Il male antico della corruzione in Italia
Per non drammatizzare
Nell’Inferno di Dante c’è, entro la quinta bolgia, un ottavo cerchio ove i barattieri erano immersi in un oscuro vischioso lago bollente. Barattiere era nel Medio Evo il «pubblico ufficiale che si lasciava corrompere da privati a danno del Signore o del Comune» e chi effettuava «l’esercizio di un banco di gioco». I barattieri, per queste ragioni erano banditi dai pubblici uffici. E però, nel Libro del Chiodo, presso l’archivio di Stato di Firenze “si legge della condanna inflitta il 10 marzo 1302 a «Alighieri Dante», che numerose cariche pubbliche aveva ricoperto, «per baratteria, frode, falsità, dolo malizia, inique pratiche estortive, proventi illeciti, ladro, corrotto, pederasta», con conseguente «interdizione perpetua dai pubblici uffici, esilio perpetuo (in contumacia, se lo si prende al rogo, così che muoia)».

Siamo messi male
Da vent’anni - dalla stagione di “Mani pulite” - le pagine dei quotidiani italiani parlano di biscazzieri di Stato. Nel “Corruption Perceptions Index 2013” di Transparency International l’Italia si pone al 69° posto (invece che al 72° del 2012) e sempre al terz’ultimo in Europa, prima di Bulgaria e Grecia, alla pari con Romania.

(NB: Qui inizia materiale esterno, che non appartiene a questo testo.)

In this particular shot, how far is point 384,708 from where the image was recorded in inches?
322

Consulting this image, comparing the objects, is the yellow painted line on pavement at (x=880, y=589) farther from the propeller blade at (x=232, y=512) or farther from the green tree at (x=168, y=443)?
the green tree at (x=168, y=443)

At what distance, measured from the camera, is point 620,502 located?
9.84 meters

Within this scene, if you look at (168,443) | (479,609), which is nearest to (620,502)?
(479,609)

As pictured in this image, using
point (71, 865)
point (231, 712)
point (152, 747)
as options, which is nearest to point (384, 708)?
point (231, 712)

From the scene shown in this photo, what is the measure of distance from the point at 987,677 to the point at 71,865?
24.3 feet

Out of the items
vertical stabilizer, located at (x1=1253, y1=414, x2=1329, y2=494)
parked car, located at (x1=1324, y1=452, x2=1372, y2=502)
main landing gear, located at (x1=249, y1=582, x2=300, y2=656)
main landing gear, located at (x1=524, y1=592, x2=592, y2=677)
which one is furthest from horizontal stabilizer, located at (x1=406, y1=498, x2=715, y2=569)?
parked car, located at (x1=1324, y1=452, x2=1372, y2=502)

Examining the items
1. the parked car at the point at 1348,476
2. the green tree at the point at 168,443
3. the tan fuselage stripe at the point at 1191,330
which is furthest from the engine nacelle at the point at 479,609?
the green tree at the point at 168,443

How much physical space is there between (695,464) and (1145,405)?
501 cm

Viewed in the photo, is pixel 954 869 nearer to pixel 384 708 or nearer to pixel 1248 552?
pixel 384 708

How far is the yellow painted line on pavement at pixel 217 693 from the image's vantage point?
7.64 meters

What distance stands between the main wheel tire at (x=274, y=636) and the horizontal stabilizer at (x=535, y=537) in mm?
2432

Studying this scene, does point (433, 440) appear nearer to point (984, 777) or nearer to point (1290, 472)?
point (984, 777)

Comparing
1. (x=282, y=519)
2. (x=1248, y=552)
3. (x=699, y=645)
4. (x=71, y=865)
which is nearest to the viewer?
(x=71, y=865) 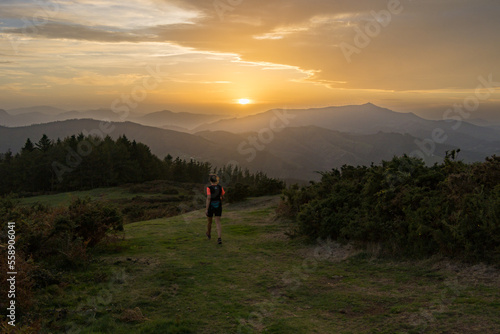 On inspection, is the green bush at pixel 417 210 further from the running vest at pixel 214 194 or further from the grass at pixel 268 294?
the running vest at pixel 214 194

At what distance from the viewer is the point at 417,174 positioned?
34.7 ft

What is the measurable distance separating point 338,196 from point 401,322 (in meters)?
6.58

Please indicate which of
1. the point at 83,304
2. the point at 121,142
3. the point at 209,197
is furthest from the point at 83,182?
the point at 83,304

Secondo la Corte dei Conti, i costi della corruzione in Italia sono di 60 miliardi di euro ogni anno. In un rapporto di 16 pagine Bruxelles denuncia: mancanza di regolamenti per le lobbies e mancata piena accoglienza della direttiva europea contro la corruzione nel settore privato. E consiglia: norme che garantiscano l'integrità dei leader politici e dei pubblici funzionari a livello nazionale, regionale e locale e leggi che regolano il finanziamento pubblico dei partiti, con regole più severe sulle donazioni. Inoltre, dice la Commissione, il paese “deve astenersi dall'approvare leggi ad personam”, che favoriscono il fenomeno della corruzione».
Restano, pesanti, i ritardi. Con la legge sull'anticorruzione (legge 190 del 2012) non si affronta il problema della prescrizione (troppo breve, dice l’Europa), né il falso in bilancio, né l'autoriciclaggio. Ma neanche c’è soluzione ai problemi dei conflitti di interesse e delle incompatibilità di incarichi (il caso Mastrapasqua insegna), nonostante il dlgs n. 39 dell'aprile 2013, approvato dal Governo Monti.